I then loop through each diarized segment and write to an RTTM file. Before I do so, I manually remove the first and last diarized segment, which corresponds to chair speech. If you look at the groundtruth file, you will recognize that these segments are not included. This is not urgent at this stage, but when we make pairwise comparisons across acoustic features, we need to link *one* diarized segment to *one* groundtruth segment in a 1:1 match.

In [None]:
# Write output to an RTTM-file by looping through each diarized segment
dia_rttm = []
for i, v  in enumerate(diarized[1:-1]):
    start = round(float(v[1]), 2)
    end = round(float(v[2]), 2)

    # Join each line as a string
    dia_rttm.append(' '.join(['SPEAKER ' +
                      '57-17-class' +
                      ' 1',
                      str(start),
                      str(round(end-start, 1)),
                      '<NA> <NA>',
                      v[0],
                      '<NA> <NA>']))

# Writing
with open(os.path.join(output_dir, '57-17-prediction.rttm'), 'w') as f:
    for d in dia_rttm:
        f.write('%s\n' % d)

#### Exercise 1.4

To compare the results of the automated annotations and a groundtruth, I use the Diarization Error Rate (DER), which is bounded between 0 and 1. The lower the DER, the better. I test the results using three different values of `collar`, which controls the allowed annotation error.
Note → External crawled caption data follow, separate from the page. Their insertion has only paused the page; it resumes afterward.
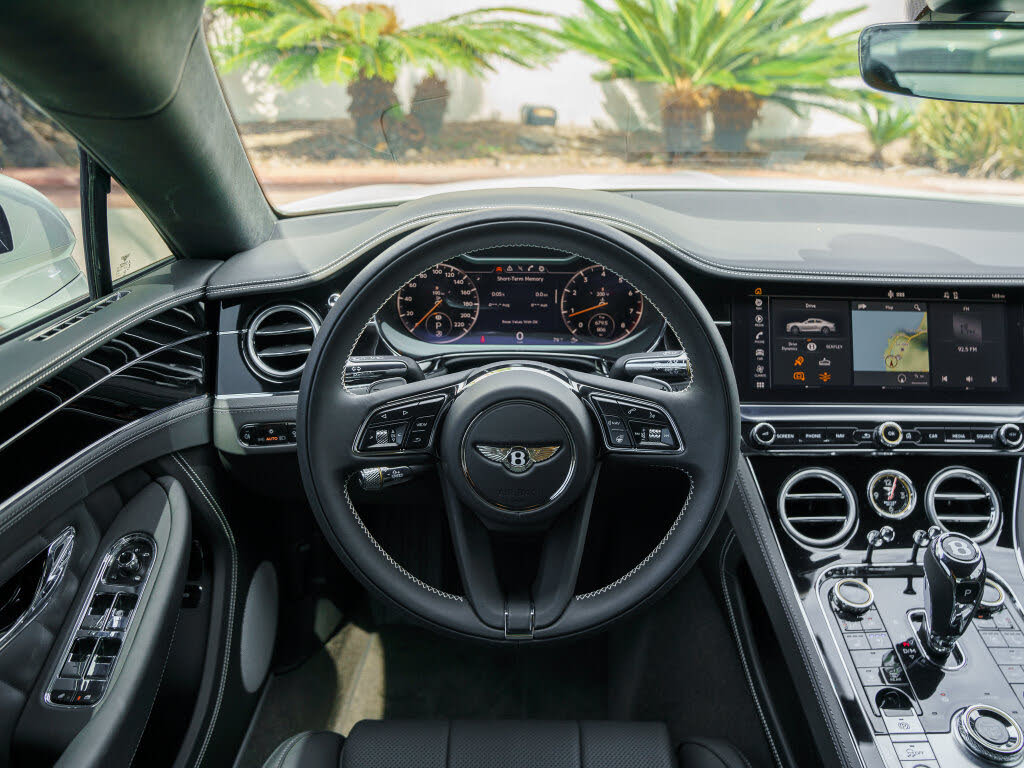 2024 Bentley Continental GT V8 AWD photo 2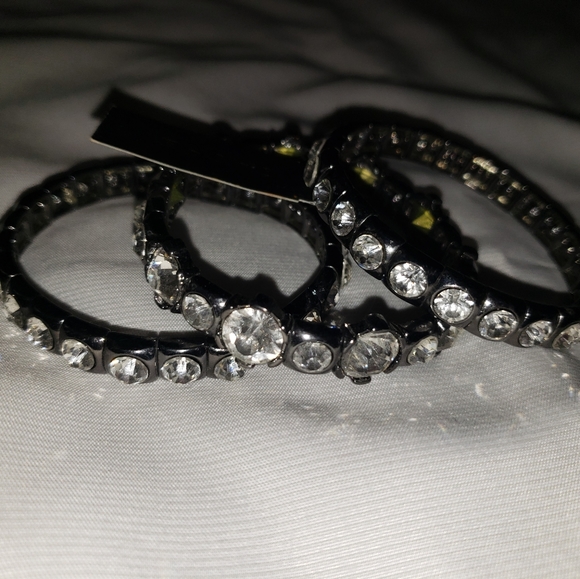 Cache Rhinestone Braclet Set - Picture 4 of 4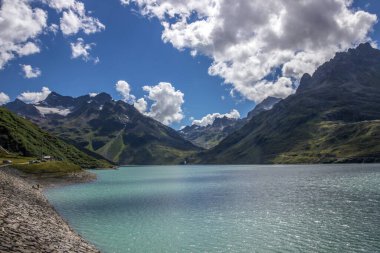 Alplerdeki Avusturya 'daki Silvretta Dağı Gölü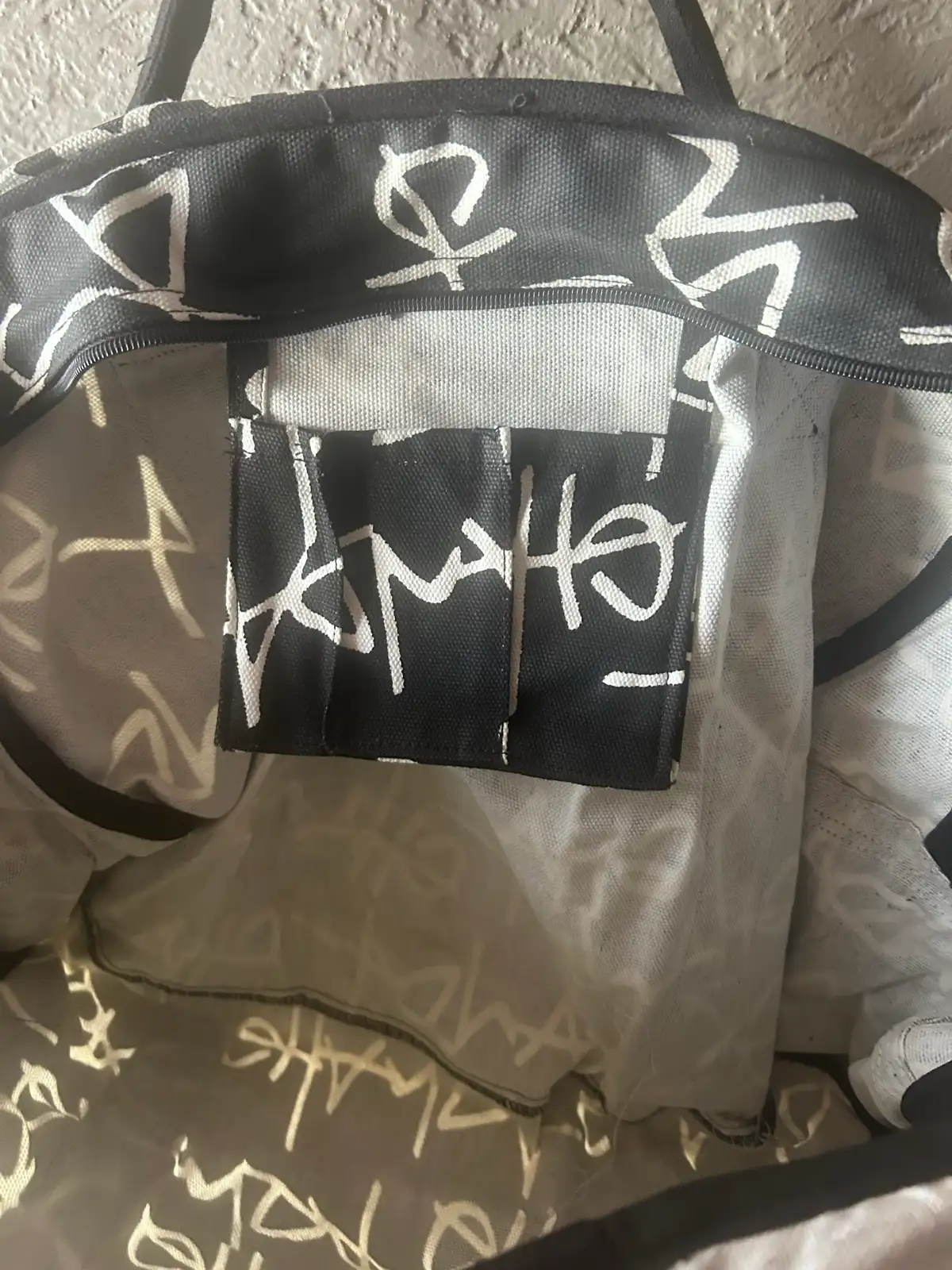 Ghanda black/white graffiti duffle bag – photo 4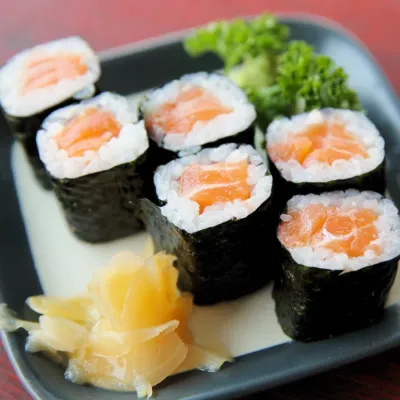 Maki cá hồi
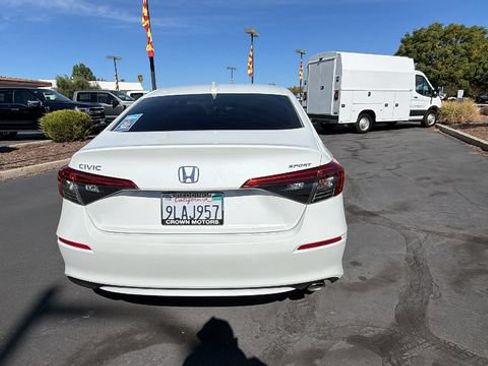 Used 2024 Honda Civic Sport image 5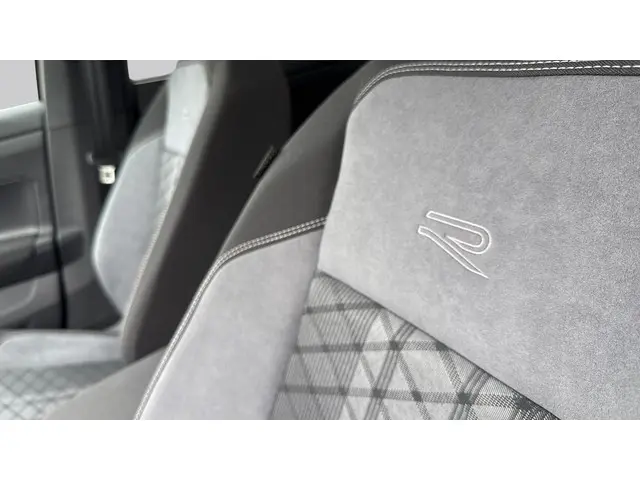 Volkswagen Polo 1.0 TSI R-Line Edition 2026 Benzine 26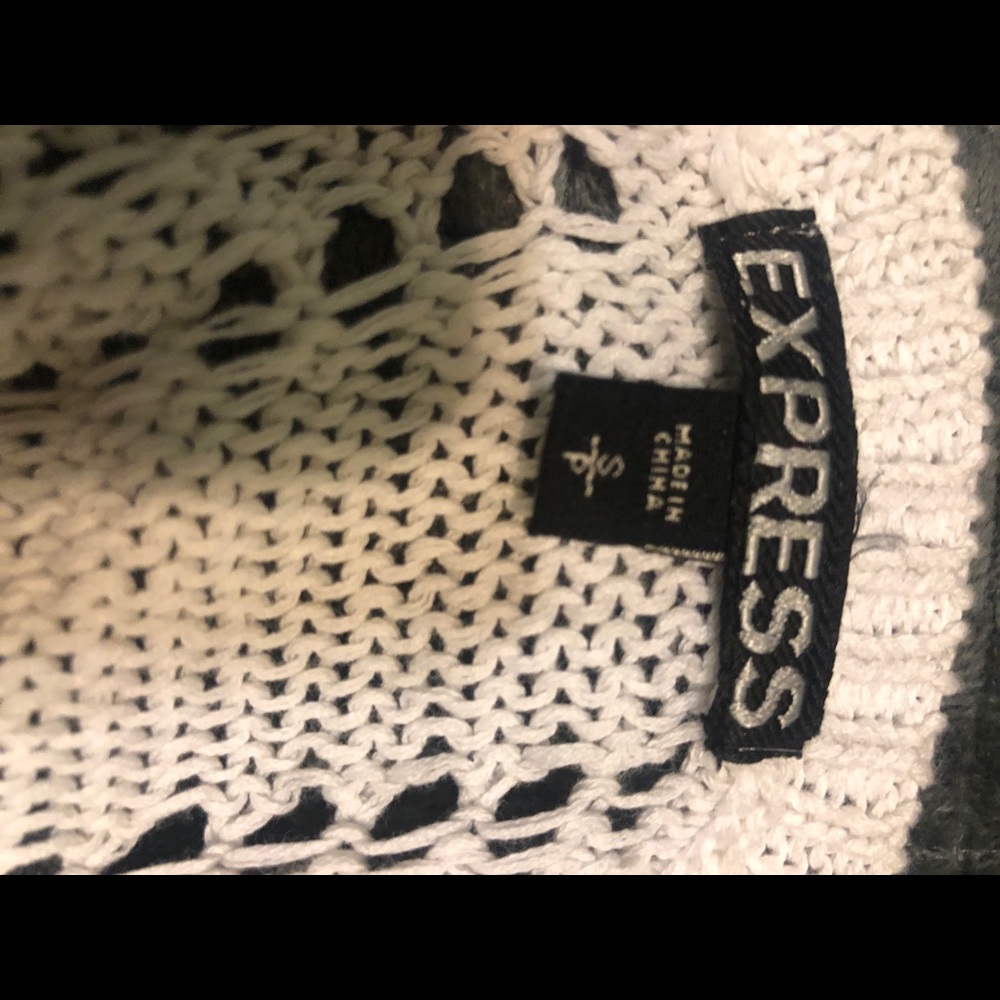 Sweater - Picture 2 of 2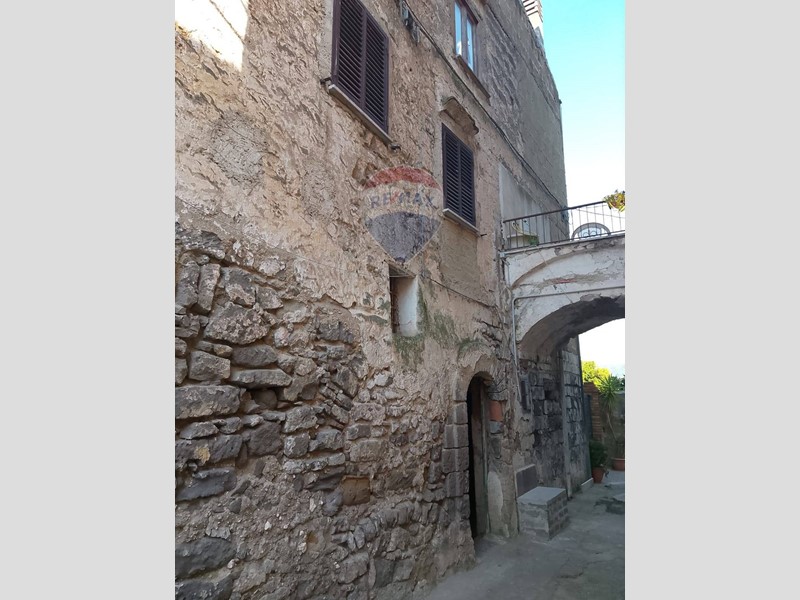 Casa Indipendente in Vendita a Sessa Aurunca, 20'000€, 80 m²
I specify `collar`=[0.0, 0.5, 1.0]

In [None]:
# Load in DER metric and function to load RTTM files
from pyannote.database.util import load_rttm
from pyannote.metrics.diarization import DiarizationErrorRate

# Specify collar ranges
collars = [0.0, 0.5, 1.0]

In [None]:
# Load the RTTM-files
prediction_withoutspeaker = load_rttm(os.path.join(output_dir, '57-17-prediction.rttm'))['57-17-class']
groundtruth_withoutspeaker = load_rttm('/content/css_fall2023/data/audio/class11/57-17-groundtruth-withspeaker.rttm')['57-17-class']
# Compute the DER
der_dict = {}
for collar in collars:
  print(f"Error margin: {collar} seconds")
  metric = DiarizationErrorRate(collar=collar, skip_overlap=True)
  der = metric(groundtruth_withoutspeaker, prediction_withoutspeaker, detailed=True)
  der_dict[str(collar)] = der

In [None]:
# Convert DER results to a pandas dataframe to represent it as a table
import pandas as pd
der_df = pd.DataFrame(der_dict)
der_df

The overall diarization error is very low across each of the three error margins ranging from 6.53% to 2.99%f when using an error margin of $1.0$ seconds compared to no margin at all ($0.0$ seconds). The differences arises almost entirely due to differences in the false alarm. This means that the annotations assign portions of the signal as a speech while in fact is not.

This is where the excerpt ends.